If you see a subtle -ism at the gamejam, you can point it out to the relevant person, either publicly or privately, or you can ask one of the organizers to say something. After this, we ask that all further discussion move off of public channels. If you are a third party, and you don't see what could be biased about the comment that was made, feel free to talk to the organizers. Please don't say, "Comment X wasn't homophobic!" Similarly, please don't pile on to someone who made a mistake. The "subtle" in "subtle -isms" means that it's probably not obvious to everyone right away what was wrong with the comment.
57North does not tolerate harassment in any form.
Harassment includes (but is not limited to) offensive comments related to gender, gender identity, gender presentation, age, sexual orientation, disability, physical appearance, body size, race, ethnicity, nationality, or religion; sexual images in public spaces; deliberate intimidation, stalking, or following; harassing photography or recording; sustained disruption of talks or other events, inappropriate physical contact or unwelcome sexual attention.
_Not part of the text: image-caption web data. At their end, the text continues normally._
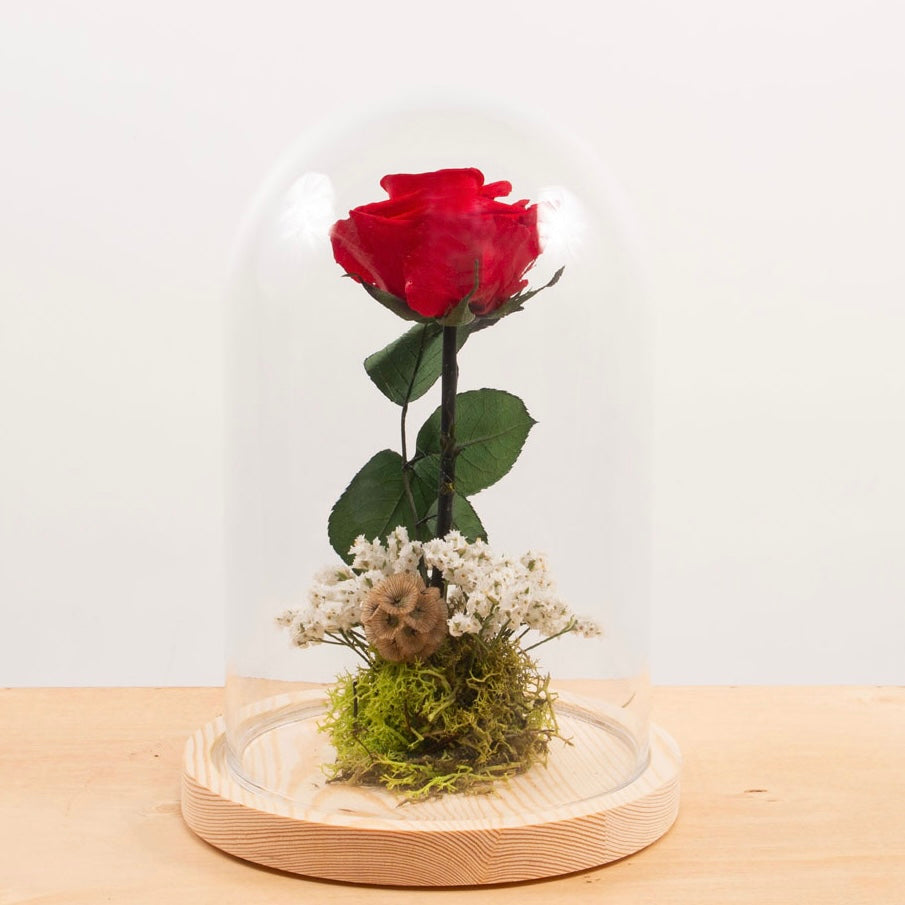 Rosa preservada en Cúpula de Vidrio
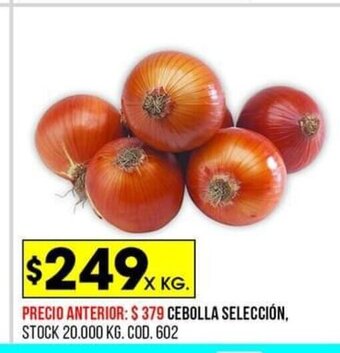 Coto Cebolla Selección oferta
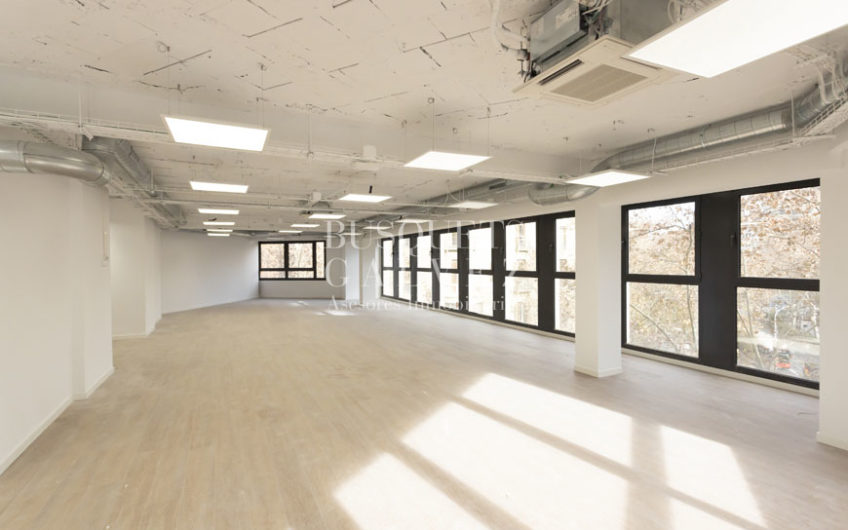 Office for rent in Rda. Saint Peter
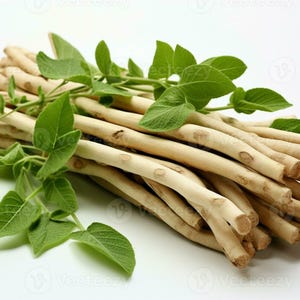 Puede incluir: Un haz de tallos le&ntilde;osos de color claro con hojas verdes. Los tallos est&aacute;n dispuestos en un mont&oacute;n compacto, con las hojas intercaladas. La imagen est&aacute; bien iluminada, resaltando los colores y texturas naturales del material vegetal.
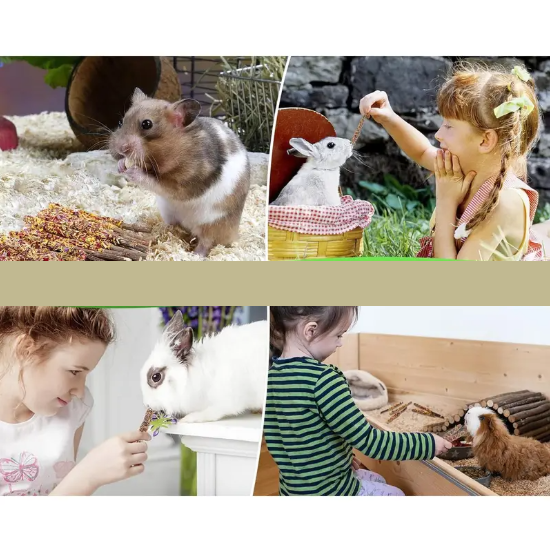 Bâtonnets à Mâcher pour Lapins et Rongeurs – Friandises Naturelles aux Fleurs Séchées et Bois de Pommier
If you are being harassed in a our space, notice that someone else is being harassed, or have any other concerns, please contact the organisers immediately (either grab one of us in person, or send us an email at email@example.com). You do *not* need to be the target of harassment to speak up. Making ours the best possible community is everyone's responsibility.
If an incident is reported during an event, the organizers will be happy to help participants contact venue security or local law enforcement, provide escorts, or otherwise assist those experiencing harassment to feel safe for the duration of the event.
We will respect confidentiality requests for the purpose of protecting victims of abuse. At our discretion, we may publicly name a person about whom we’ve received harassment complaints, or privately warn third parties about them, if we believe that doing so will increase the safety of members or the general public. We will not name harassment victims without their affirmative consent.
Participants asked to stop any harassing behavior are expected to comply immediately.
If a participant engages in harassing behavior, the organizers may take any action they deem appropriate, up to and including expulsion from the space and events and identification of the participant as a harasser to other group members or the general public.